■ **PROMPT**
Copy everything in the listing below word for word, apart from any images.
- Opening Delimiter -
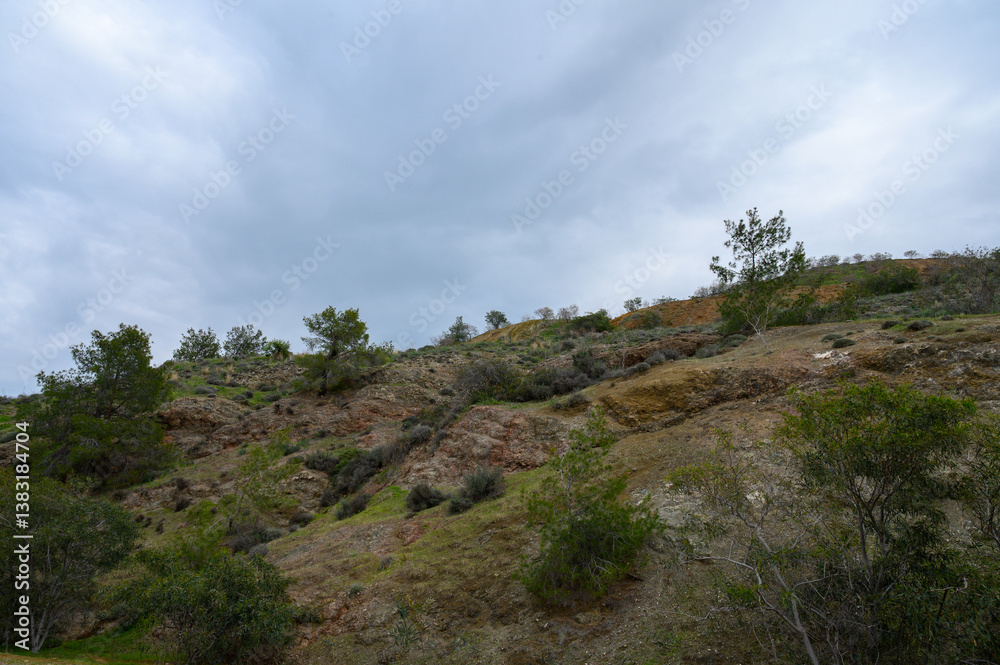 Cascading earth tones and lush greenery create a serene landscape under a cloudy sky in a tranquil natural setting Cascading earth tones and lush greenery create a serene landscape under a cloudy sky in a tranquil natural setting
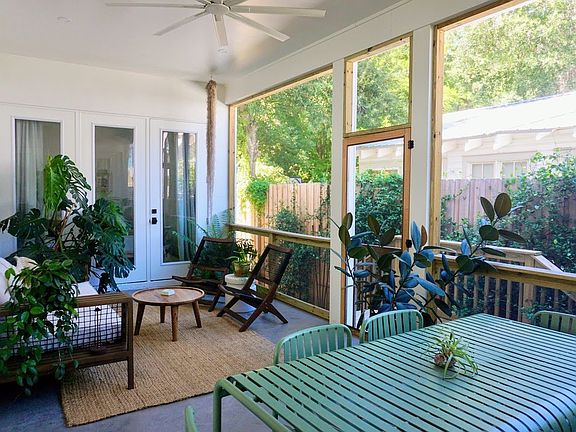 Large screened-in porch for indoor/outdoor living.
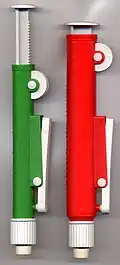 A manual propipetter adjusted by turning the wheel with the thumb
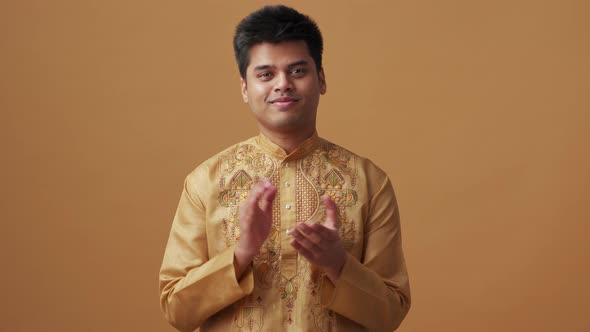 Confident Indian man in national cloth clapping hands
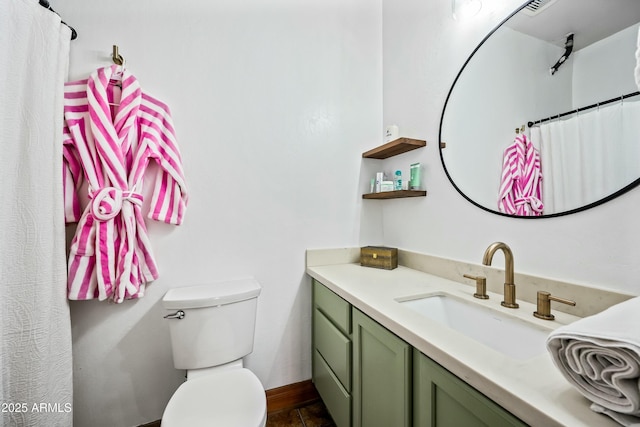 full bath featuring toilet, vanity, and baseboards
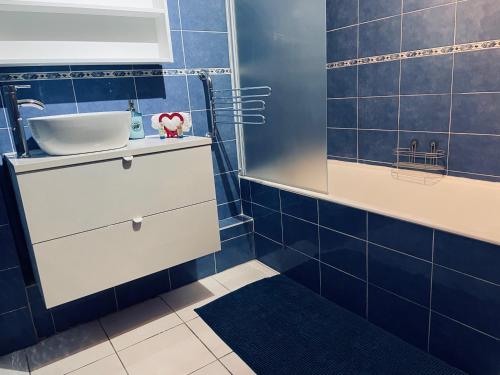 La salle de bains est pourvue d'un lavabo et de carrelage bleu. dans l'établissement STUDIO VAISE 1 DANS 69009 LYON, à Lyon
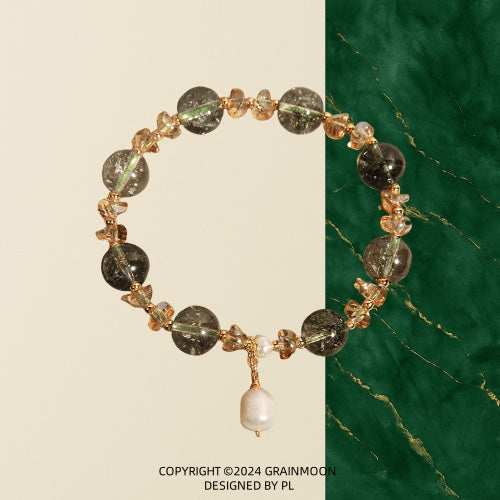 Bracelet: dark green phantom quartz beads with small crystal chips and a white baroque pearl drop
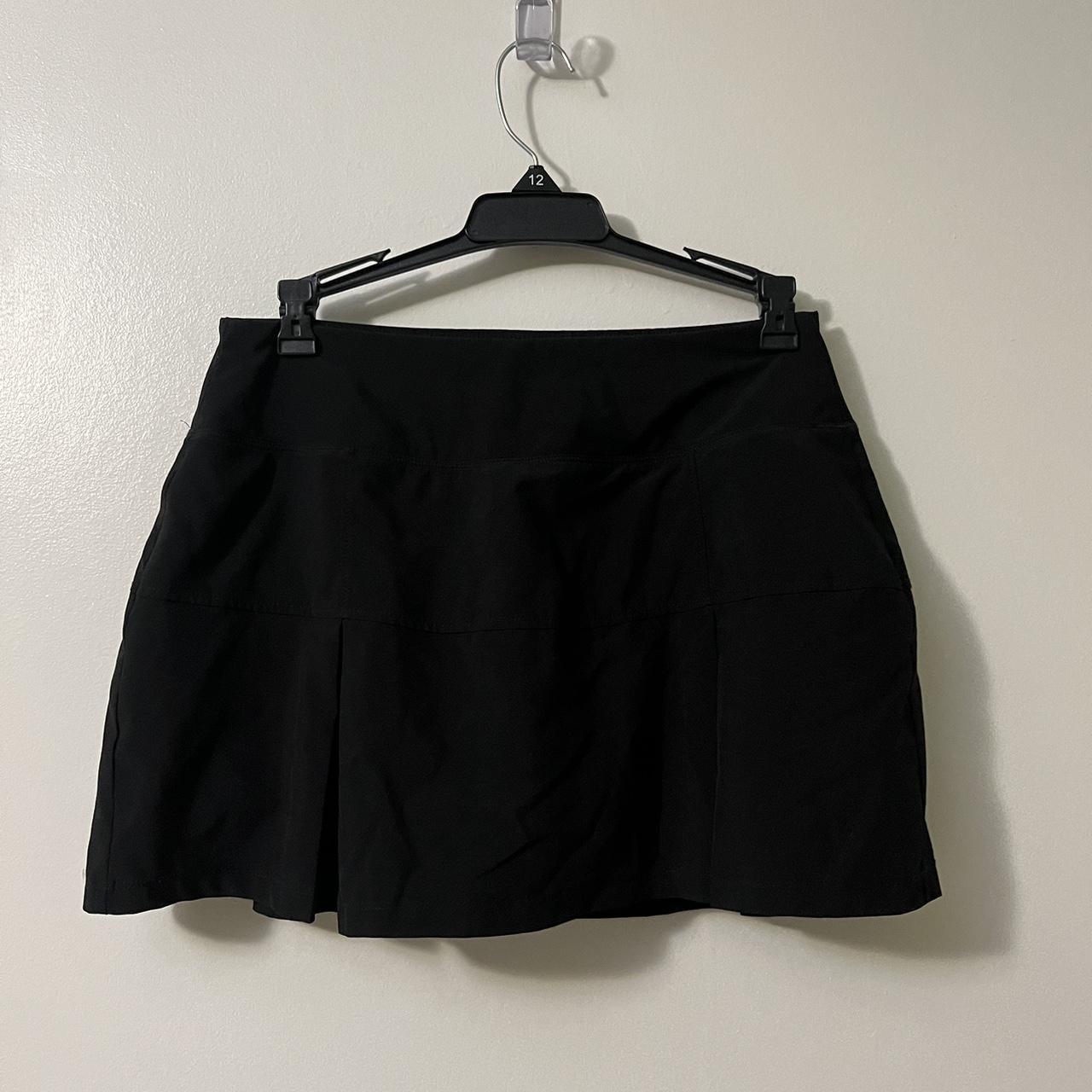 Black athletic skirt has built in shorts inside... Depop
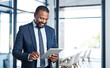 © peopleimages.com - Black man, happy and tablet for reading business email, communication and networking in office. African financial advisor, smile and tech for online news, positive feedback and investment research
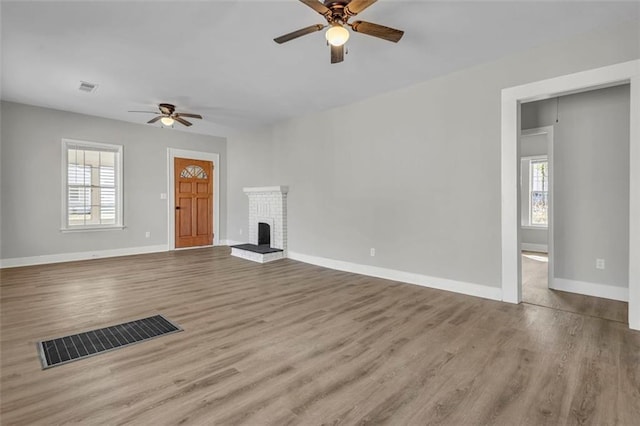 unfurnished living room featuring a brick fireplace, visible vents, and a healthy amount of sunlight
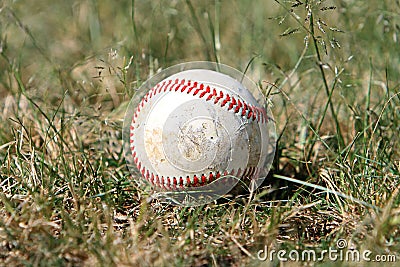 Old baseball in the outfield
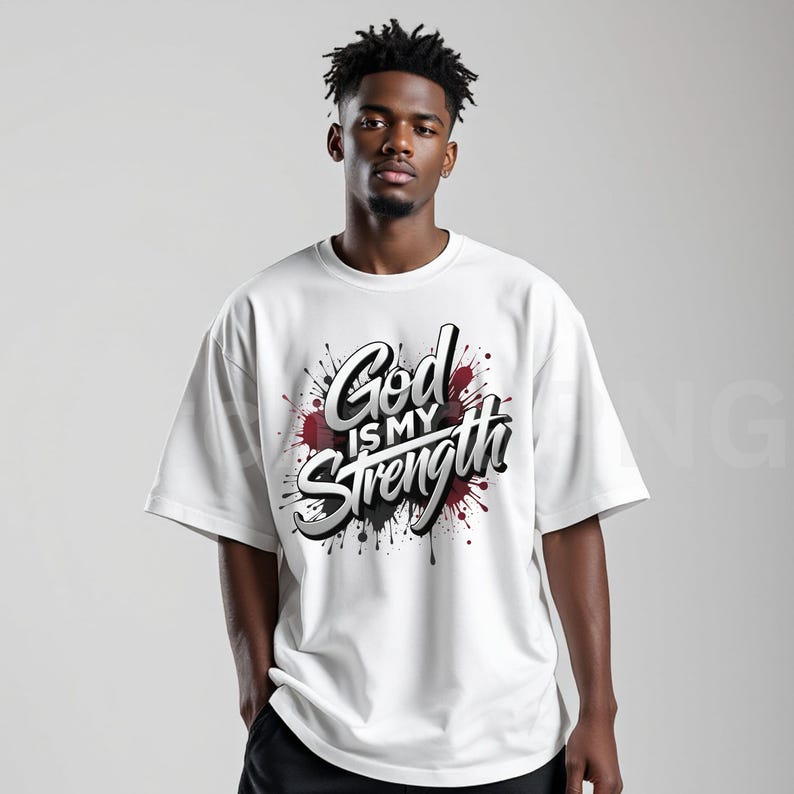 May include: White t-shirt with the text "God is my Strength" in a stylized, 3D design. The text is set against a backdrop of black and red paint splatters, creating a bold and eye-catching graphic.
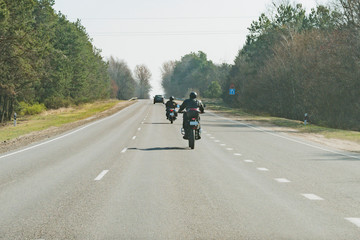 Motorcyclists are moving along the road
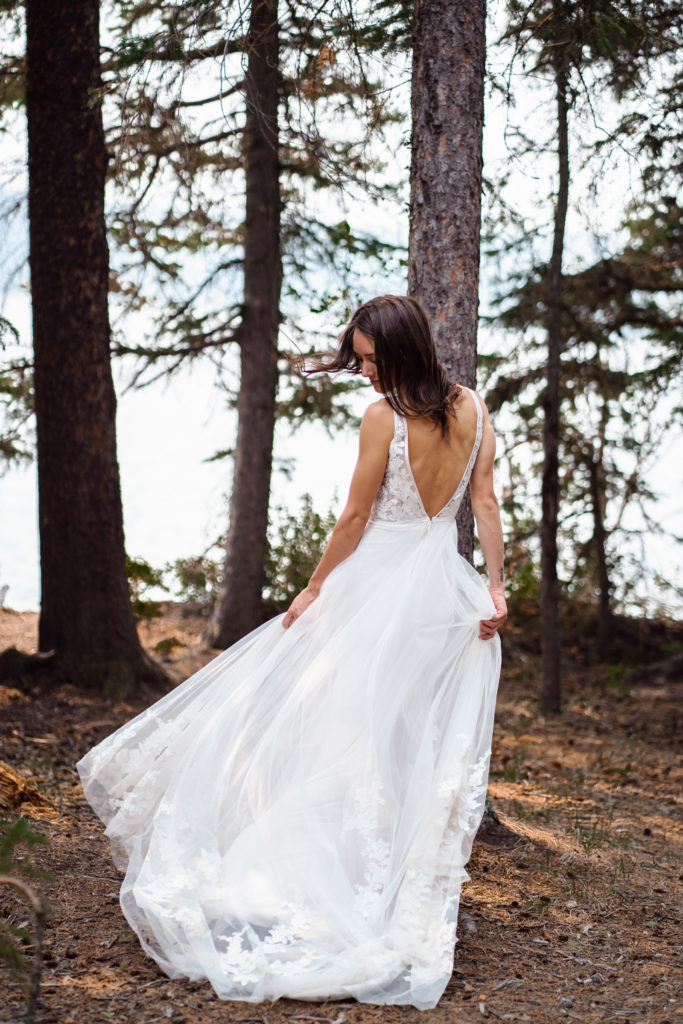 Bride twirls in lace dress in forest in Jasper National Park. 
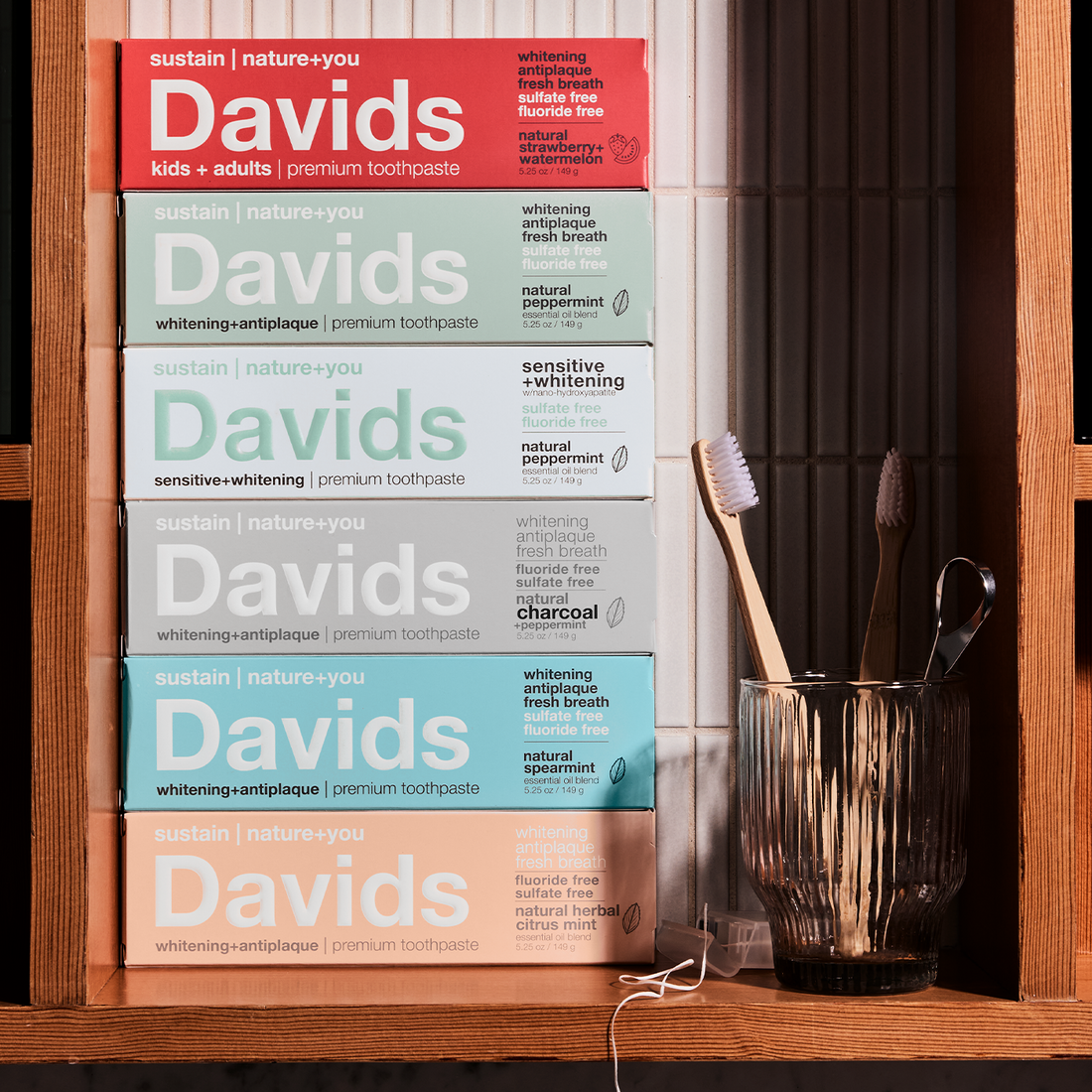 Stack of Davids toothpaste boxes in various flavors beside a glass with toothbrushes and floss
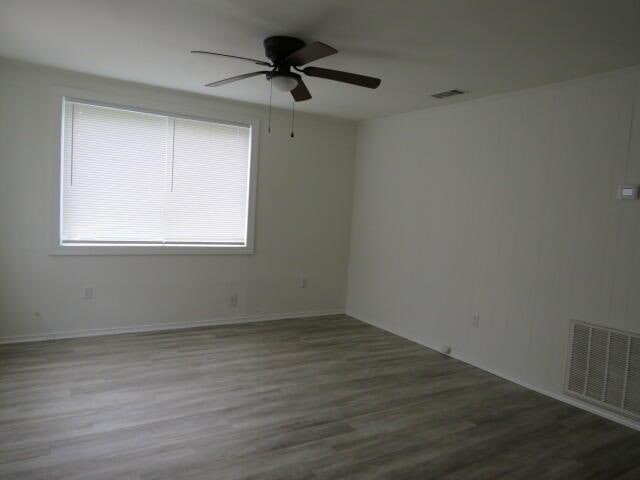 2480 Miles Ave, Augusta, GA 30906 - empty room with a ceiling fan and wood finished floors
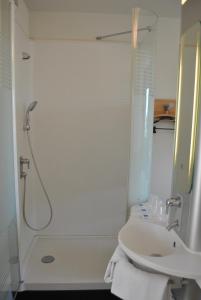 baño blanco con ducha y lavamanos en ibis budget Loriol Le Pouzin, en Le Pouzin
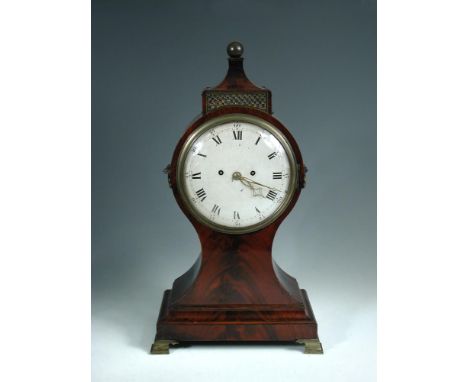 A Regency mahogany balloon case bracket clock, the white dial with Roman numerals surmounted by a ball topped pediment, side 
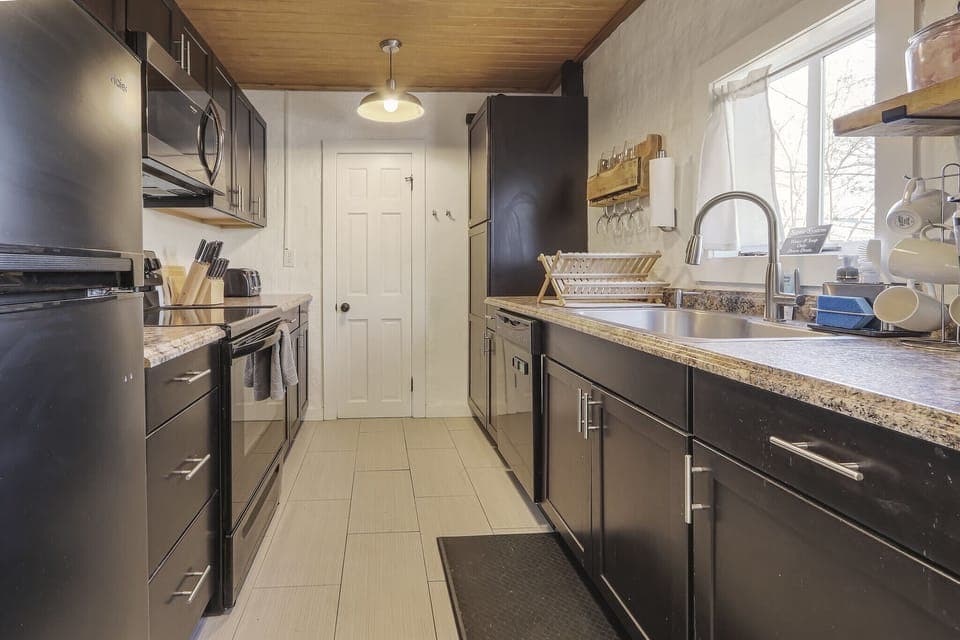 Full kitchen with stove, oven, refrigerator, and coffee maker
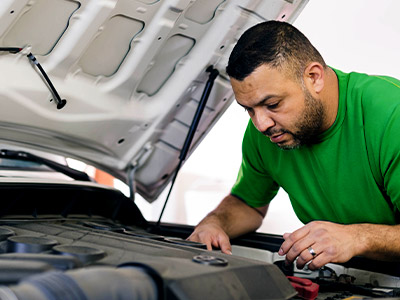 Man in green shirt looking at car battery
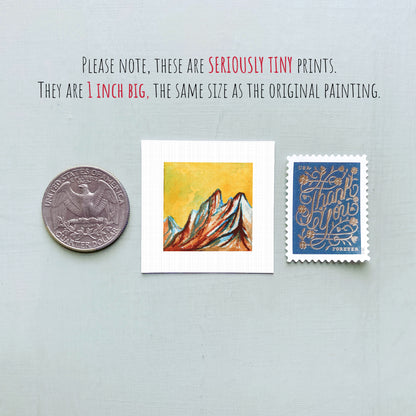 three small artworks: a silver coin, a white square with a colorful painting of mountains, and a blue postage stamp with a floral design.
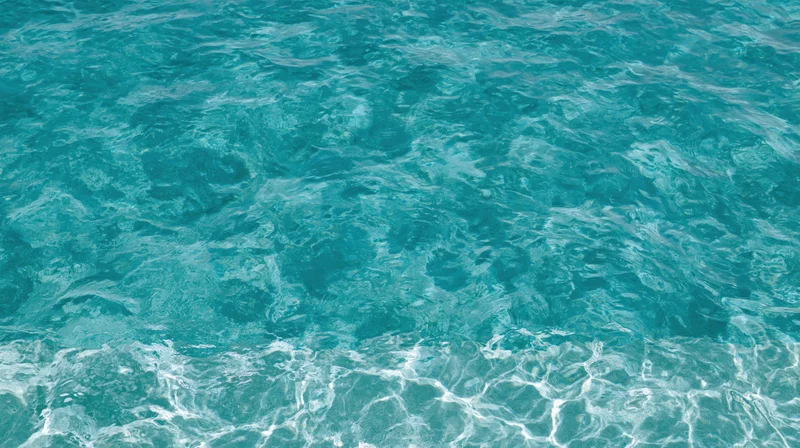 Overhead view of gently rippling clear turquoise swimming pool water surface
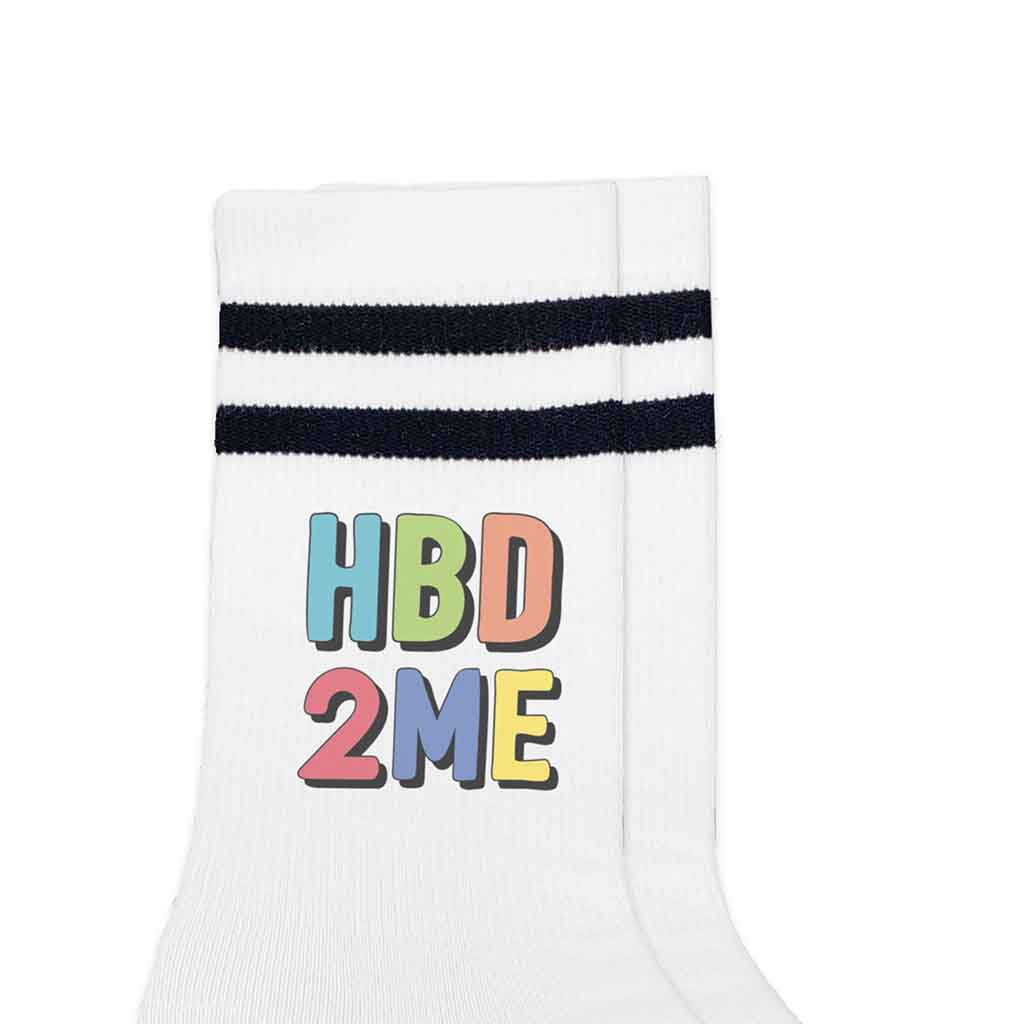 HBD 2ME happy birthday to me digitally printed on white socks with black stripes with a gift box.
- Closing Delimiter -
■ **WRITTEN SOLUTION**
 Cascading earth tones and lush greenery create a serene landscape under a cloudy sky in a tranquil natural setting Cascading earth tones and lush greenery create a serene landscape under a cloudy sky in a tranquil natural setting
 Large screened-in porch for indoor/outdoor living.
 A manual propipetter adjusted by turning the wheel with the thumb
 Confident Indian man in national cloth clapping hands
 full bath featuring toilet, vanity, and baseboards
 La salle de bains est pourvue d'un lavabo et de carrelage bleu. dans l'établissement STUDIO VAISE 1 DANS 69009 LYON, à Lyon
 Bracelet: dark green phantom quartz beads with small crystal chips and a white baroque pearl drop
 Black athletic skirt has built in shorts inside... Depop
 © peopleimages.com - Black man, happy and tablet for reading business email, communication and networking in office. African financial advisor, smile and tech for online news, positive feedback and investment research
 unfurnished living room featuring a brick fireplace, visible vents, and a healthy amount of sunlight
 Old baseball in the outfield
 May include: White t-shirt with the text "God is my Strength" in a stylized, 3D design. The text is set against a backdrop of black and red paint splatters, creating a bold and eye-catching graphic.
 Motorcyclists are moving along the road
 Bride twirls in lace dress in forest in Jasper National Park. 
 Stack of Davids toothpaste boxes in various flavors beside a glass with toothbrushes and floss
 2480 Miles Ave, Augusta, GA 30906 - empty room with a ceiling fan and wood finished floors
 baño blanco con ducha y lavamanos en ibis budget Loriol Le Pouzin, en Le Pouzin
 A Regency mahogany balloon case bracket clock, the white dial with Roman numerals surmounted by a ball topped pediment, side 
 Full kitchen with stove, oven, refrigerator, and coffee maker
 Man in green shirt looking at car battery
 three small artworks: a silver coin, a white square with a colorful painting of mountains, and a blue postage stamp with a floral design.
 Overhead view of gently rippling clear turquoise swimming pool water surface
 HBD 2ME happy birthday to me digitally printed on white socks with black stripes with a gift box.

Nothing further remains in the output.